Dalam kasus ini, KPK telah menetapkan Gubernur Riau Abdul Wahid sebagai tersangka setelah terjaring dalam operasi tangkap tangan (OTT) pada Senin (3/11/2025).
Selain Abdul Wahid, KPK juga menjadikan Kepala Dinas Pekerjaan Umum, Penataan Ruang, Perumahan, Kawasan Permukiman dan Pertanahan (PUPR PKPP) Provinsi Riau M. Arief Setiawan serta tenaga ahli Gubernur Riau Dani M. Nursalam sebagai tersangka.
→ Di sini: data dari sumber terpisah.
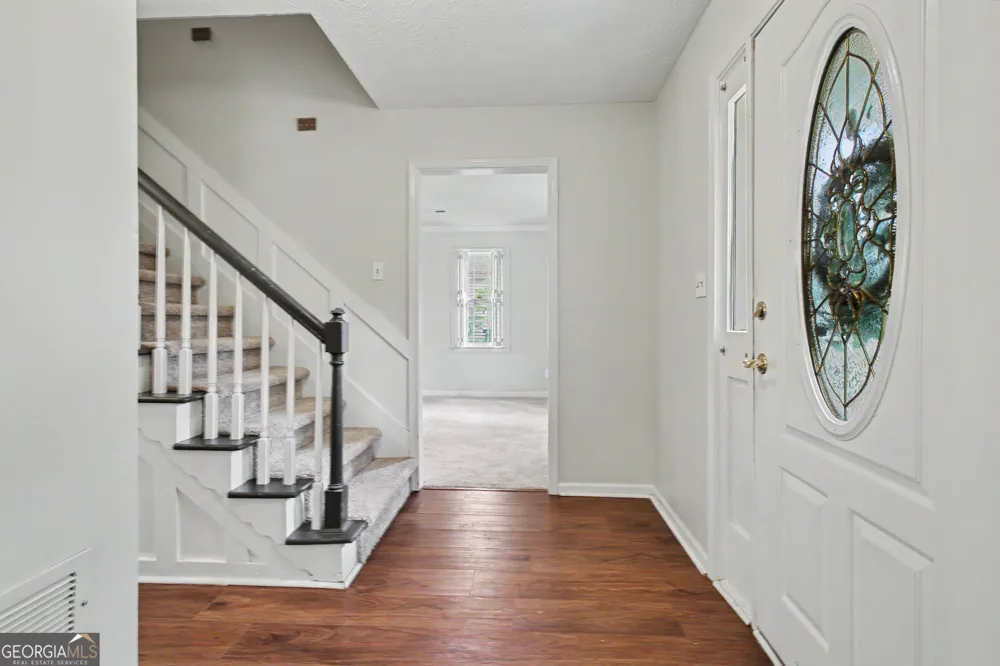 401 Walnut Grove RD Peachtree City, GA 30269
Baca Juga: Gubernur Riau Diduga Pakai Uang Pemerasan untuk Jalan-Jalan ke Inggris dan Brasil
Abdul Wahid diduga meminta fee sebesar 5 persen dari tambahan anggaran proyek di Dinas PUPR-PKPP Riau, dengan total target pengumpulan sekitar Rp7 miliar.
Menurut KPK, praktik ini menggunakan istilah internal "jatah preman", di mana uang dikumpulkan dari enam Unit Pelaksana Teknis (UPT) jalan dan jembatan melalui setoran tunai maupun transfer.
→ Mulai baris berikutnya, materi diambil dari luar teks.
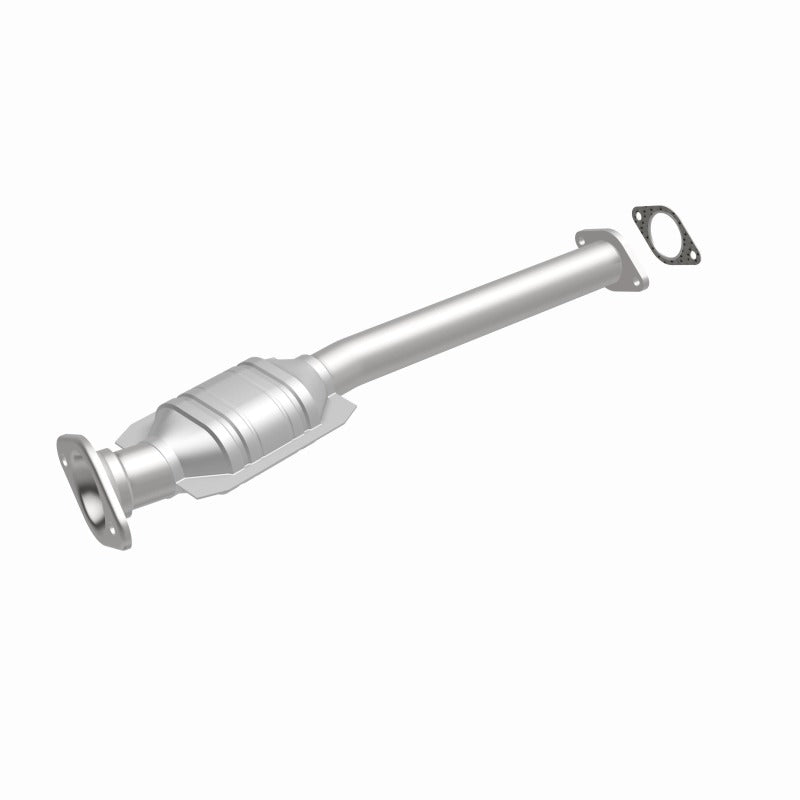 MagnaFlow Direct Fit Catalytic Converter Contour 98-00 2.5L - 23397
Akibat perbuatannya, para tersangka diduga melanggar pasal 12e dan/atau pasal 12f dan/atau pasal 12B UU Undang-Undang Nomor 31 Tahun 1999 tentang Pemberantasan Tindak Pidana Korupsi sebagaimana diubah dengan Undang-Undang Nomor 20 Tahun 2001 tentang Perubahan Atas Undang-Undang Nomor 31 Tahun 1999 tentang Pemberantasan Tindak Pidana Korupsi jo. Pasal 55 ayat (1) ke-1 KUHP.